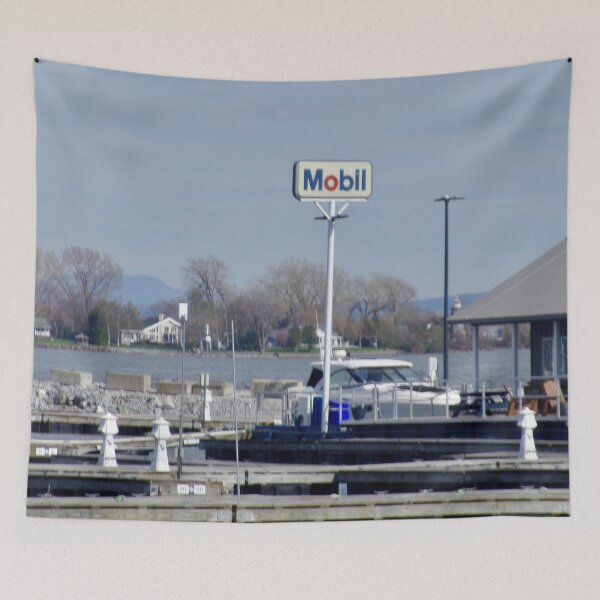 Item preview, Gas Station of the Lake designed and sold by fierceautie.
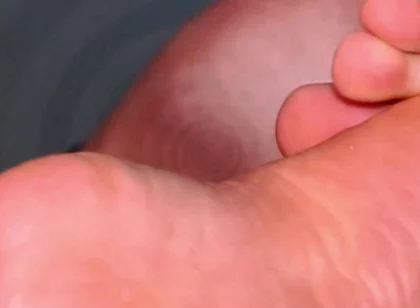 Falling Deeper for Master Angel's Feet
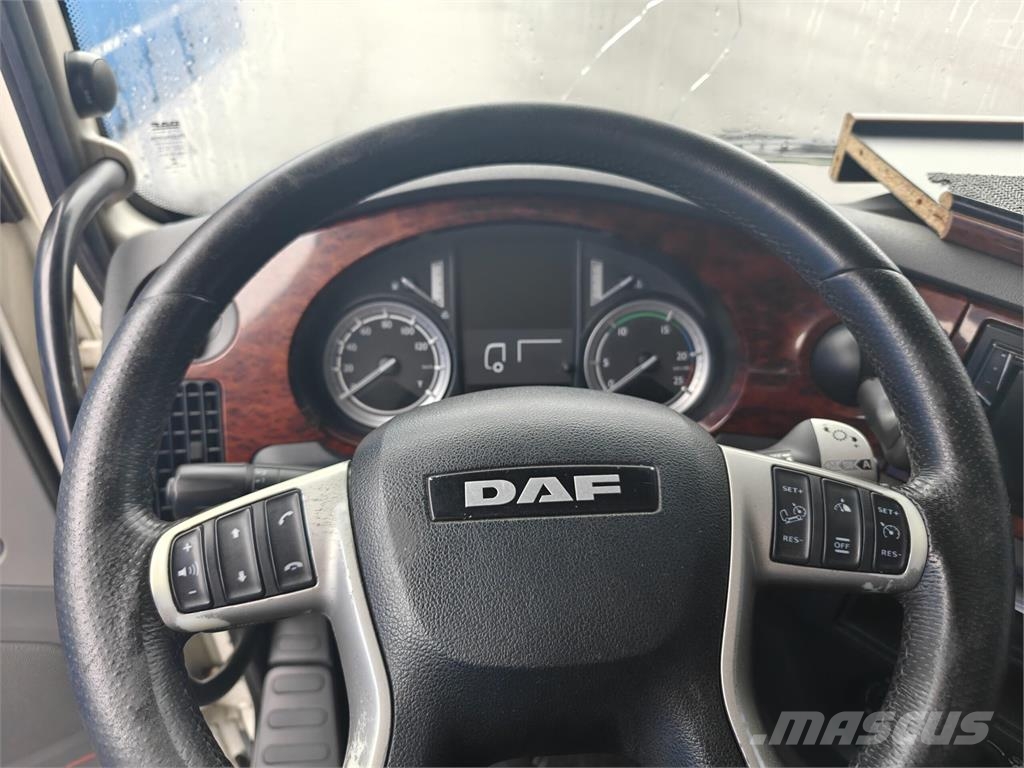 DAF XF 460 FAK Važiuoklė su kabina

• _TASK INSTRUCTIONS_: The data above must be given again in full and unaltered, minus its images.

• _THE COMPLETED TASK_:
 Item preview, Gas Station of the Lake designed and sold by fierceautie.
 Falling Deeper for Master Angel's Feet
 DAF XF 460 FAK Važiuoklė su kabina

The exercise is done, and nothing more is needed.